China’s credit problem is rooted in its very rapid growth over the last six years in the shadow-banking sector, shorthand for a mélange of lightly regulated special-purpose financing vehicles, wealth management products and trusts. These products have given local governments and small companies that lack access to institutional credit a way to borrow substantial sums of money. And they have done so: Credit Suisse’s Head of Non Japan Asia Research Dong Tao noted in a report this month entitled “Embracing Higher Risks” that “shadow banking counts for more than 40 percent of total lending and is the key credit channel for marginal lending.” Last year, Tao estimated the size of non-bank debt financing in China to be 22.8 trillion yuan ($3.7 trillion) – equivalent to 44 percent of China’s GDP.
After years of pretty much zero defaults, problems are emerging. A 3 billion yuan ($480 million) loan originated by the China Credit Trust Co. for a coal mining company narrowly escaped default in January when an unknown third party took over the debt. Investors recouped their principal, but had to forfeit the final interest payment. In late February, Shanghai Chaori Solar Energy Science & Technology Co. became the first Chinese company to default on corporate bonds onshore. And they are unlikely be the last: Credit Suisse’s Tao told investors on a conference call earlier this month that markets could be seeing a dozen defaults a week come summer.
Credit Suisse does not believe these anticipated failures pose a systemic threat to either the Chinese or global financial systems. But the bank’s fixed-income strategists cautioned in a note this month called “To Blink Or Not To Blink” that liquidity could decline significantly if private investors begin to shun the wealth management products that provide the lion’s share of funding for the corporate bonds and trusts that accounted for 21 percent of new credit issued in 2013. And that, in turn, would pose a significant threat to economic growth.
As with many things China-related, it is not exactly clear what the country’s leaders intend to do about the debt problem, if anything. The People’s Bank of China clearly wants the economy to deleverage, Tao says, having twice issued repurchase agreements this year to drain liquidity from financial markets. The Chinese authorities have also been trying to shift the economy from near-total dependence on exporting goods and building infrastructure – a model that requires gobs of credit – to a heavier reliance on domestic demand.

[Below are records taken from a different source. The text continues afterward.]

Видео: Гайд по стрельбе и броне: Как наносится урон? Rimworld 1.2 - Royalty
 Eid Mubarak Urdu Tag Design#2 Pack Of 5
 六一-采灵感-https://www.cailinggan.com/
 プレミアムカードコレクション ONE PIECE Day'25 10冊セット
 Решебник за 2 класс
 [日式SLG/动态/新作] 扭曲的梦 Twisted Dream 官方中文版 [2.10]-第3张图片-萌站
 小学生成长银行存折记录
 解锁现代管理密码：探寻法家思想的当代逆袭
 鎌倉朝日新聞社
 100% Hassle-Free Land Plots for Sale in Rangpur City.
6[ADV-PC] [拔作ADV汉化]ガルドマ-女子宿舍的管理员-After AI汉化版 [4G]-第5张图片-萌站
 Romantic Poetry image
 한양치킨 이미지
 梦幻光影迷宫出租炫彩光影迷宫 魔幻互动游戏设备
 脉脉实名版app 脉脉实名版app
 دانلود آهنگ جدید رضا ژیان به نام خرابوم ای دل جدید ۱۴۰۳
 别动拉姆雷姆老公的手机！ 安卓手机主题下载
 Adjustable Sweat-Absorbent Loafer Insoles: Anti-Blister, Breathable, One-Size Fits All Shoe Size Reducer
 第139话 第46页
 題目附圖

Officials set on deleveraging are not likely to be particularly keen to step in if local governments that used shadow banking products to raise money for infrastructure projects—many of which were not economically viable in the first place—are unable to pay their bills. Local government debt now stands at 10.9 trillion yuan ($1.76 trillion), 3.5 trillion yuan ($560 billion) of which is maturing in the second half of 2014. Credit Suisse’s Tao sees higher-than-usual risks in a particular 2.3 trillion yuan ($370 billion) batch of trusts created in 2012 that is maturing in the second half, and he noted on the investor call that “the prevailing sentiment in the central government is that local governments need to be taught a lesson.”